◆ What you should do
In the records that follow, find the line with "Può includere: T-shirt"; from there, retype every line exactly through the line with "以下が含まれることがあります", which also belongs to the answer.

◆ Exercise materials
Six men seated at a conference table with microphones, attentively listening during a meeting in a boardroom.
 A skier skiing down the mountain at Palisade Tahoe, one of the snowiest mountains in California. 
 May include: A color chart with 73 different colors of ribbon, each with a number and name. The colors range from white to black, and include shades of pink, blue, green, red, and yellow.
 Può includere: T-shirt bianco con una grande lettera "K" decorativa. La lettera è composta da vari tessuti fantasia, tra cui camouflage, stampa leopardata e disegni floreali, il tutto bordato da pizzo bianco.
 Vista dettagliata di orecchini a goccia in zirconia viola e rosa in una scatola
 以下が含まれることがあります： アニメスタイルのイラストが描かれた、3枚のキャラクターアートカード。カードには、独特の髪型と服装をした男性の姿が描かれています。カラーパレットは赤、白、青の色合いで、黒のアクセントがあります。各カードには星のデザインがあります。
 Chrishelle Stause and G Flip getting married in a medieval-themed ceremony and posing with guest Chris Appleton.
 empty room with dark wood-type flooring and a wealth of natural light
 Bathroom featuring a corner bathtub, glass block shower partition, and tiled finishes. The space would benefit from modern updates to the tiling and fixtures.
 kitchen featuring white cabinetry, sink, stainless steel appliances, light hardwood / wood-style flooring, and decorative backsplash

◆ The completed task
 Può includere: T-shirt bianco con una grande lettera "K" decorativa. La lettera è composta da vari tessuti fantasia, tra cui camouflage, stampa leopardata e disegni floreali, il tutto bordato da pizzo bianco.
 Vista dettagliata di orecchini a goccia in zirconia viola e rosa in una scatola
 以下が含まれることがあります： アニメスタイルのイラストが描かれた、3枚のキャラクターアートカード。カードには、独特の髪型と服装をした男性の姿が描かれています。カラーパレットは赤、白、青の色合いで、黒のアクセントがあります。各カードには星のデザインがあります。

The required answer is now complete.